> RAW DATA
====================

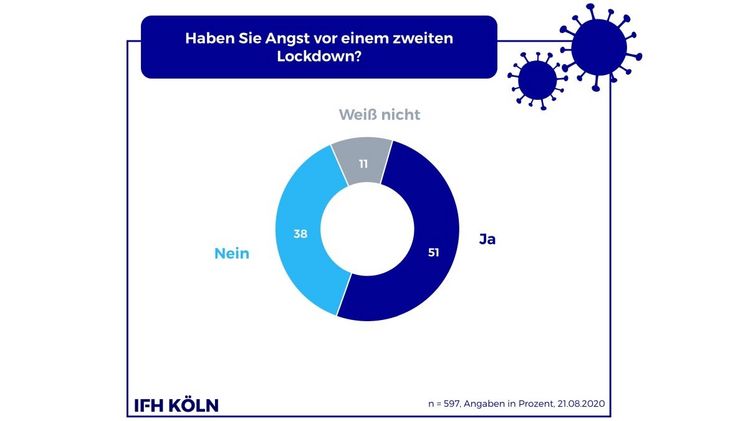 Ein erneuter Lockdown wie im Frühjahr 2020 wird von rund der Hälfte der Befragten befürchtet. Bild: IFH KÖLN.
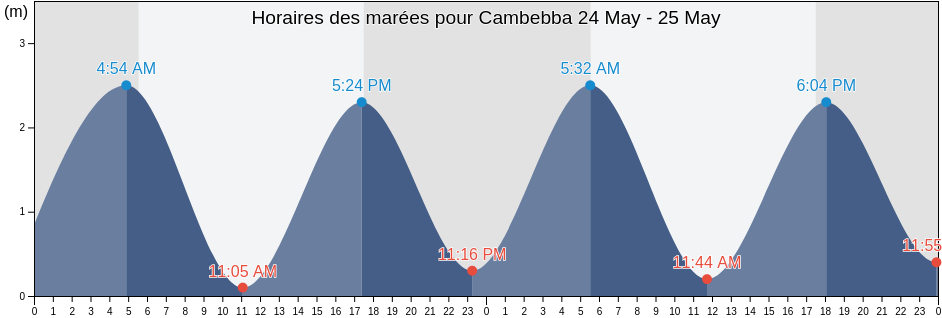 Horaires des marées pour Cambebba, Caucaia, Ceará, Brazil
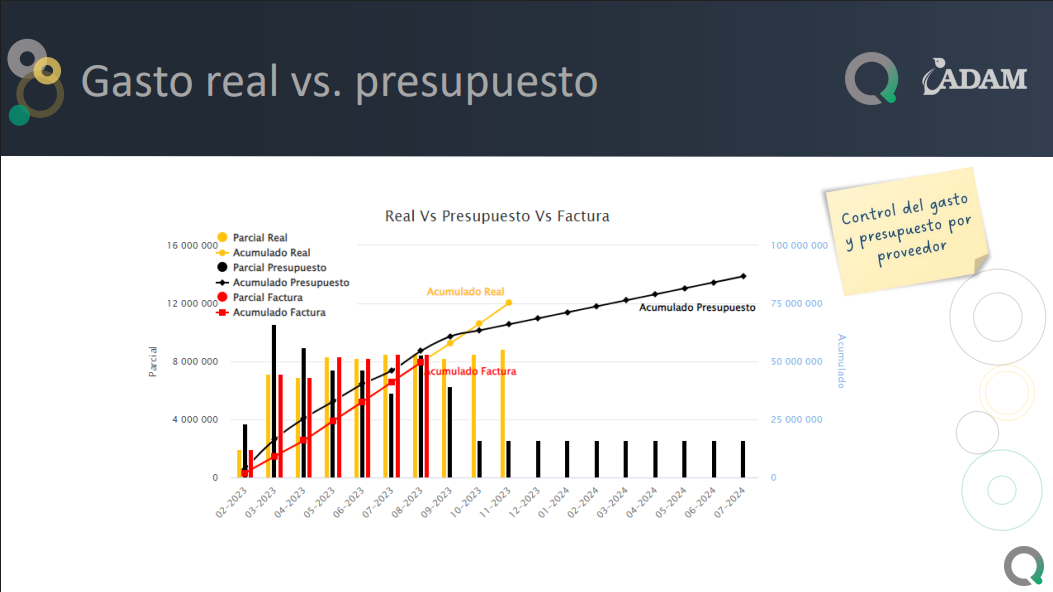 Control gráfico del gasto real vs el presupuesto en contrato de moldajes o encofrados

====================

> PROBLEM STATEMENT
In the listing, find the line with "Horaires des marées" and retype exactly from there through the last line, both included, leaving the pictures out.

> RESPONSE BELOW
 Horaires des marées pour Cambebba, Caucaia, Ceará, Brazil
 Control gráfico del gasto real vs el presupuesto en contrato de moldajes o encofrados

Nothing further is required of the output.